A Palomar M-527 instantaneous reading VSWR meter was also used to determine the peak VSWR during operation.

Several Rife/Bare tubes were used during these tests. With only slight variations, the test results were virtually identical, regardless of the tube used. All tubes measured 30 inches overall, in length, with diameters between 25mm and 10mm. The gas fill used is Argon/Neon in a 90/10 mixture at a pressure of between 12-14mm Hg. Power was fed to the tubes under test using my Twisted Transmission Line balun. The tube was mounted in a shielded tube enclosure. For test purposes, the screened cover was not used, so as to make it easier to get to the tube for adjustments. No difference in data was noted when the cover was replaced on the enclosure.


We may consider that a properly operating Rife/Bare unit is a system composed of a radio frequency energy generator, (Transmitter / Amplifier), an impedance matching device, (Antenna tuner), and a load which absorbs the RF power (The Rife/Bare tube). The standard Rife/Bare system may be compared to a broadcast station, although the Rife/Bare system is not designed to radiate the RF energy as a broadcast station does. The big difference which sets the Rife Bare system apart from our broadcast station example is that a broadcast transmitter “looks” at a constant load - the antenna - while a Rife/Bare transmitter “looks” at a load which is not constant - the Rife/Bare tube.

In order to obtain the maximum RF energy transfer between the transmitter and the load, it is necessary that the impedance of the load match the output impedance of the transmitter or final RF amplifier. Generally, this load value is specified by the transmitter or amplifier manufacturer as being 50 Ohms impedance, resistive, with j=0. “j” is the notation for the value of reactance, either capacitive or inductive, and is expressed in Ohms.

This means that that the transmitter “wants” to be connected to a 50 Ohm resistance, with no capacitive or inductive reactance. In theory, this is possible; in practice, it is nearly impossible, because all real components have some amount of inductance or capacitance - or both - in addition to their load resistance. If excessive inductive or capacitive reactance is present in the load, it may cause the amplifier to deliver less than its rated power; to draw excessive DC power; and, in the case of transistorized amplifiers, possibly overheat the amplifier to the point of destruction.

An inductive reactance is shown as a positive value of j; a capacitive reactance is shown as a negative value of j. For instance, j = +10 would refer to an inductive reactance of 10 Ohms, and j = -20 would refer to a capacitive reactance of 20 Ohms.

The resistive component of a load absorbs power and converts it into useful output; light, heat, motion, etc. This power component of the load is called the Real Power, and we try to maximize it.

The reactive component of a load causes unwanted RF current to flow through the system, but this reactive current flow is not converted into any useful output. Instead, the reactive RF energy is reflected from the load and returned to the generator (amplifier). This circulating current causes heating of components due to I*R losses, that is, heating caused by loss of RF energy in the normal circuit resistance. This power component of the load is called Reactive Power, and we try it minimize it.

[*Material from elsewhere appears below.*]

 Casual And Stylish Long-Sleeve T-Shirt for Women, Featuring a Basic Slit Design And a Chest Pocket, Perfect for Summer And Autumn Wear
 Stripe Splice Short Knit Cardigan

To an RF designer, the Rife/Bare tube is an interesting device. It represents a varying load, with constantly changing characteristics. Because of this, the problem of matching the Rife/Bare tube to an RF power amplifier is not at all trivial, especially at high power levels. For the purposes of this article, I shall confine my discussion to those systems which feed RF power to the Rife/Bare tube by using external electrodes placed around the tube. Electrodes of this type include, but are not limited to, spiral wrapped wire, clamps, and copper pipe couplings. Insulation between the tube and the electrodes or on the spiral wrapped wires does not affect the operation as far as this discussion is concerned.

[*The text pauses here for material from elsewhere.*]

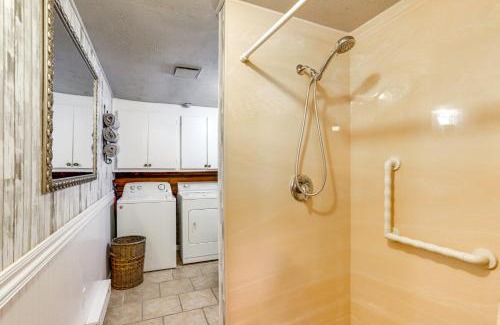 New Haven  Huron County Casa | Quiet Shiloh Retreat with Spacious Yard and Fireplace!
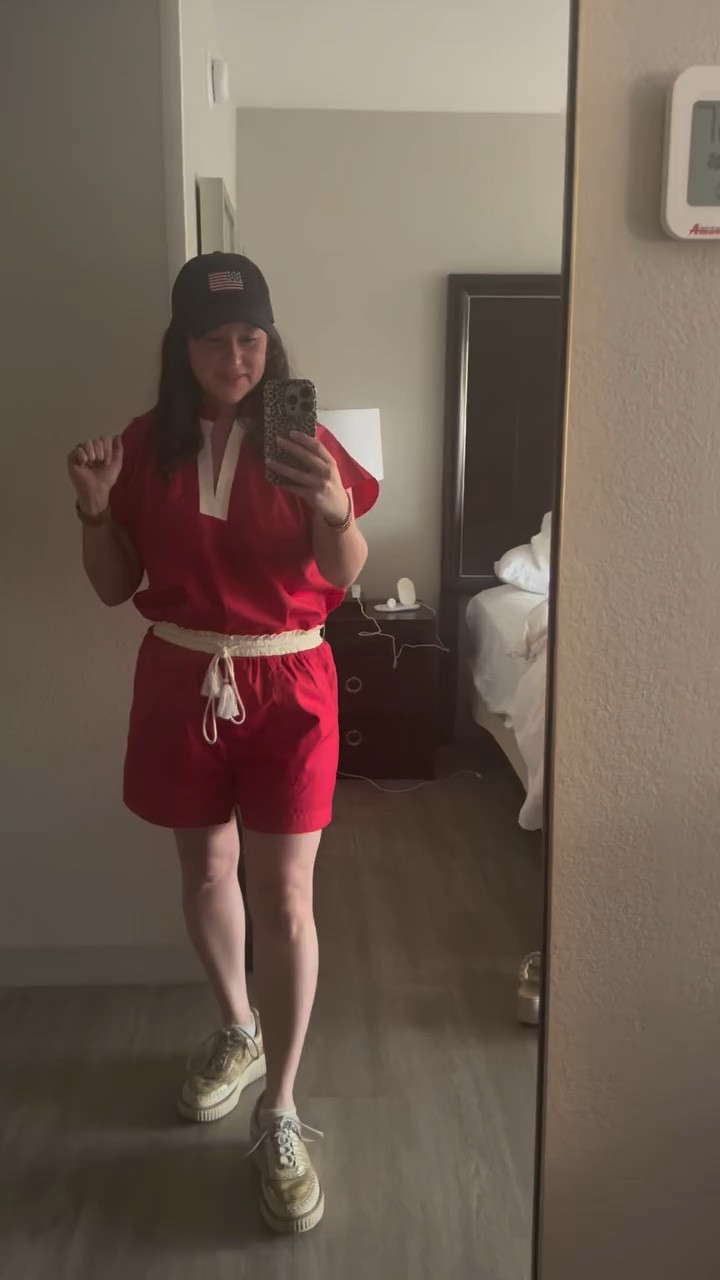 Fit video. 

Set from a local boutique.  

 #LTKdayinmylife #LTKgrwm #LTKmomlife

In an ideal world, the Rife/Bare tube would represent a pure resistance, which would make the amplifier (and the RF designer) quite happy. But, this is the Real World, and things don’t work that way. During its operating cycle, the Rife/Bare tube may exhibit a load ranging from pure capacitance at one end, to low resistance, to a combination of capacitive and inductive reactance at the other. To make the problem of matching the tube to the amplifier even more difficult, the operating characteristics of the tube depends on such things as the tube temperature, the peak power level applied to the tube, the instantaneous peak RF voltage present at the tube electrodes at the beginning of the modulation pulse, and the maximum RF voltage and current at the tube electrodes during the modulation pulse. In most cases, the best we can do is to try to find a reasonable operating condition which transfers as much RF energy as possible to the Rife/Bare tube while not harming the amplifier.

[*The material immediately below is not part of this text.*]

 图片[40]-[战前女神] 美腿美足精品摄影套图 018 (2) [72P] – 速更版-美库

The typical Rife/Bare tube is connected to the RF source by using external electrodes around the ends of the tube. Let us consider the two extremes of operation of the Rife Bare tube:

In the first case, the tube is not lit at all. This means that the tube is essentially invisible to the RF system - it’s just “not there”!

In the second case, the tube is 100% conducting. In practice, the tube never actually gets to this point, because we can’t pump enough RF into the tube to ionize all the gas without vaporizing the tube. (Think: Lightning!) If the tube ever reached that point, then for purposes of analysis, it could be replaced with a metal rod of the diameter of the gas column.

What does this mean for the RF designer? The first case cited above, if what the tube looks like to the RF system just as the RF appears at the tube at the start of the modulation pulse. The second case (which we never quite reach) is an rough approximation of what happens during the modulation pulse when the tube is lit.


Of the two cases of operation of the Rife/Bare tube previously described, the second case is of primary interest to this discussion because whenever the tube is lit, it is in a conducting state, and therefore the RF system “sees” the Rife/Bare tube.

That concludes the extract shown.